PROBLEM TO WORK ON: The records below must be copied in full; omit the images.

PROVIDED DATA:
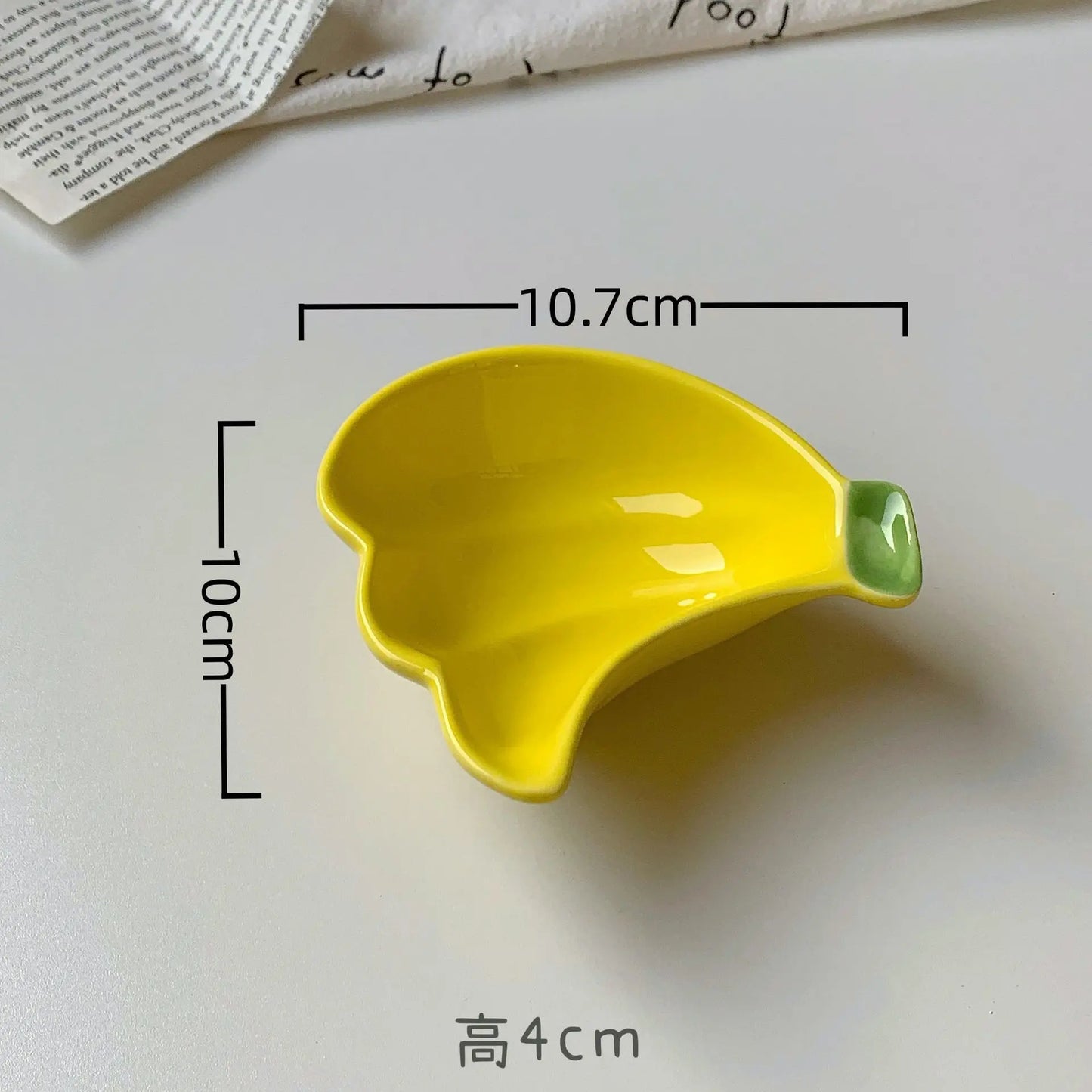 Cartoon Cute Ceramic Dipping Dish Home Snack Side Dishes Bone Plate Seasoning Soy Sauce Sauce Dish Exquisite Household Tableware Peaceful Pleasures Health and Wellness banana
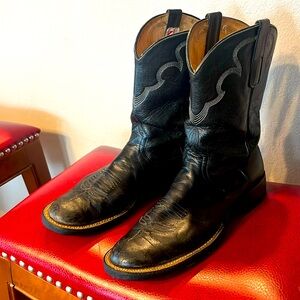 LOGAN BOOT CO/Rios of Mercedes black calf skin boots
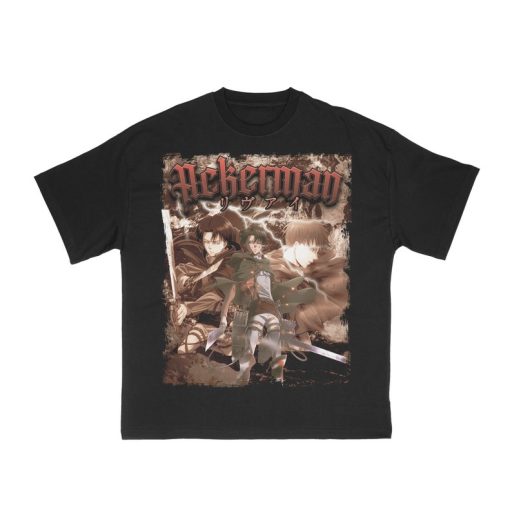 Levi Shirt Attack On Titan Anime Shirt, Attack On Titans merch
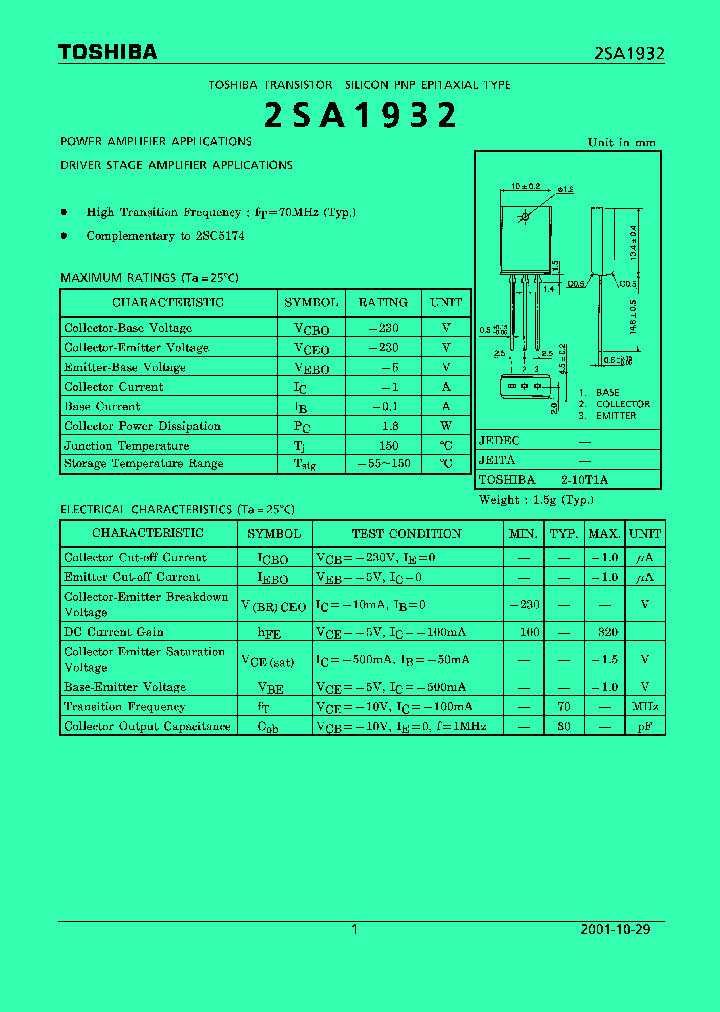 2SA1932_1079971.PDF Datasheet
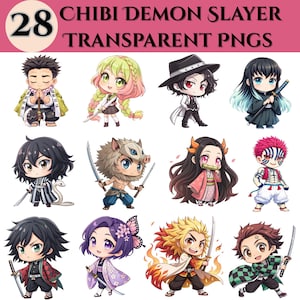 Anime Demon Slayer Fanart PNG Bundle 2 , Printable Demon Slayer T Shirt Sublimation, Anime Lover Gift, Manga Comic Characters, Junk Journal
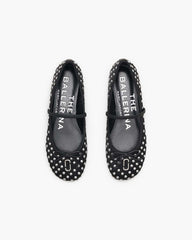 Marc Jacobs The Studded Sabrina Ballerina Black Multi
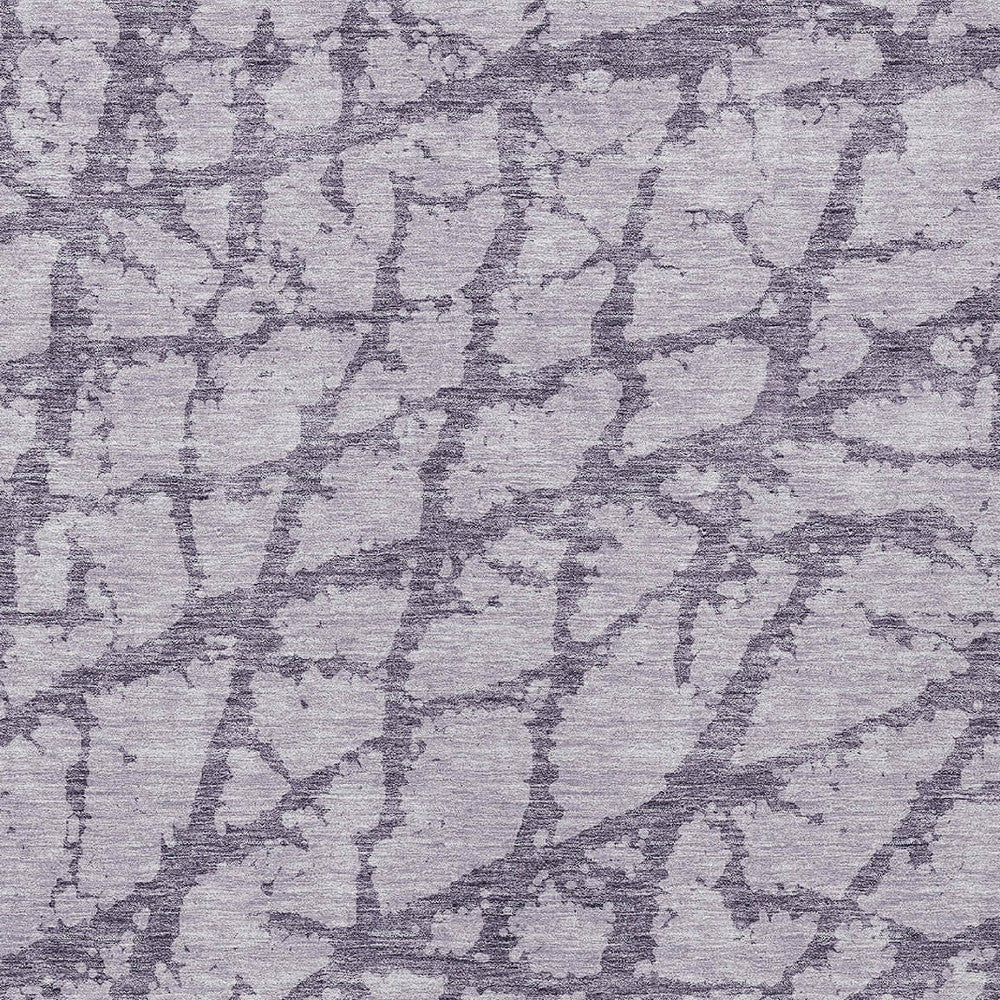 5' X 8' Lavender And Purple Abstract Washable Indoor Outdoor Area Rug-5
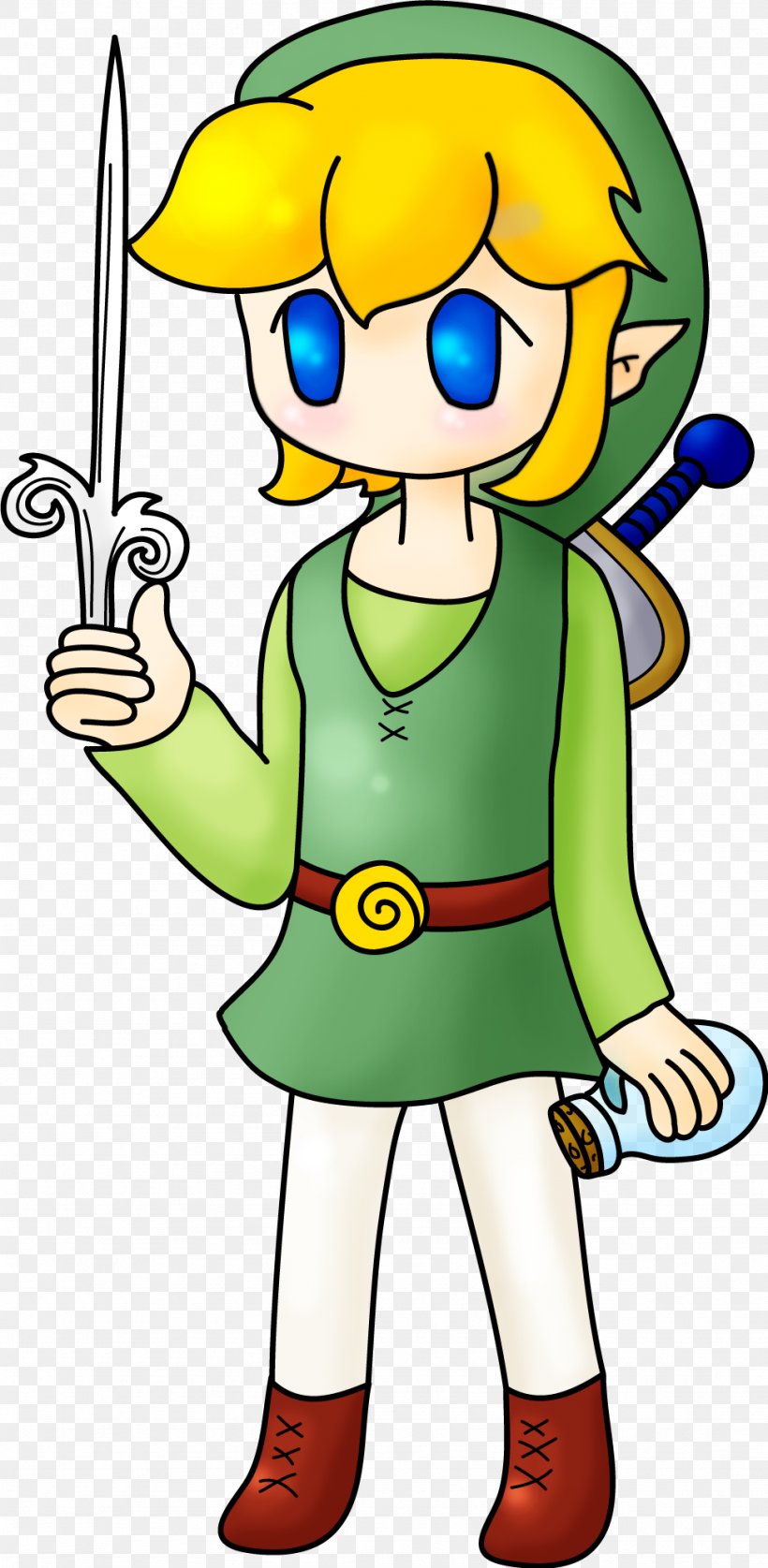 The Legend Of Zelda: The Wind Waker Zelda II: The Adventure Of Link Ganon Video Game, PNG, 974x1990px, Legend Of Zelda The Wind Waker, Art, Artwork, Cartoon, Character Download Free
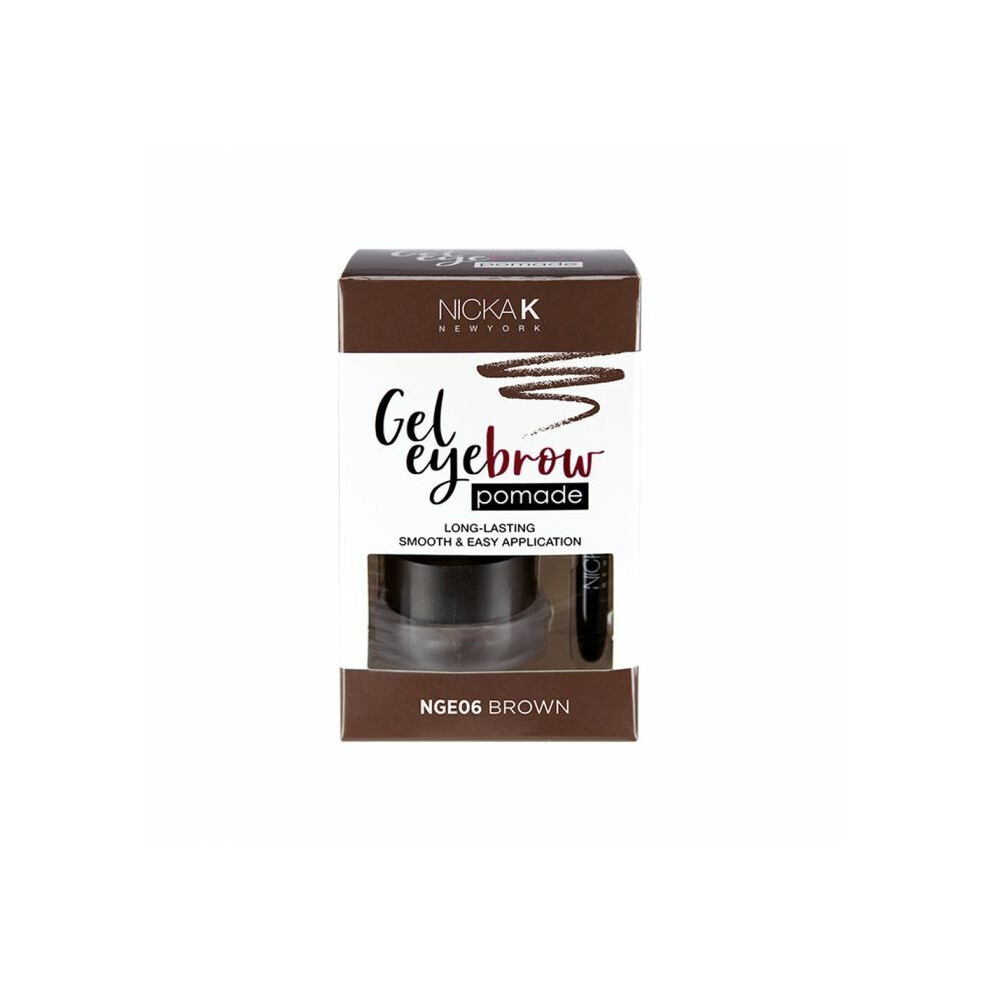 Nicka K Gel Eyebrow Pomade Brown (Nge06)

RESPONSE TO THE TASK:
 Cartoon Cute Ceramic Dipping Dish Home Snack Side Dishes Bone Plate Seasoning Soy Sauce Sauce Dish Exquisite Household Tableware Peaceful Pleasures Health and Wellness banana
 LOGAN BOOT CO/Rios of Mercedes black calf skin boots
 Levi Shirt Attack On Titan Anime Shirt, Attack On Titans merch
 2SA1932_1079971.PDF Datasheet
 Anime Demon Slayer Fanart PNG Bundle 2 , Printable Demon Slayer T Shirt Sublimation, Anime Lover Gift, Manga Comic Characters, Junk Journal
 Marc Jacobs The Studded Sabrina Ballerina Black Multi
 5' X 8' Lavender And Purple Abstract Washable Indoor Outdoor Area Rug-5
 The Legend Of Zelda: The Wind Waker Zelda II: The Adventure Of Link Ganon Video Game, PNG, 974x1990px, Legend Of Zelda The Wind Waker, Art, Artwork, Cartoon, Character Download Free
 Nicka K Gel Eyebrow Pomade Brown (Nge06)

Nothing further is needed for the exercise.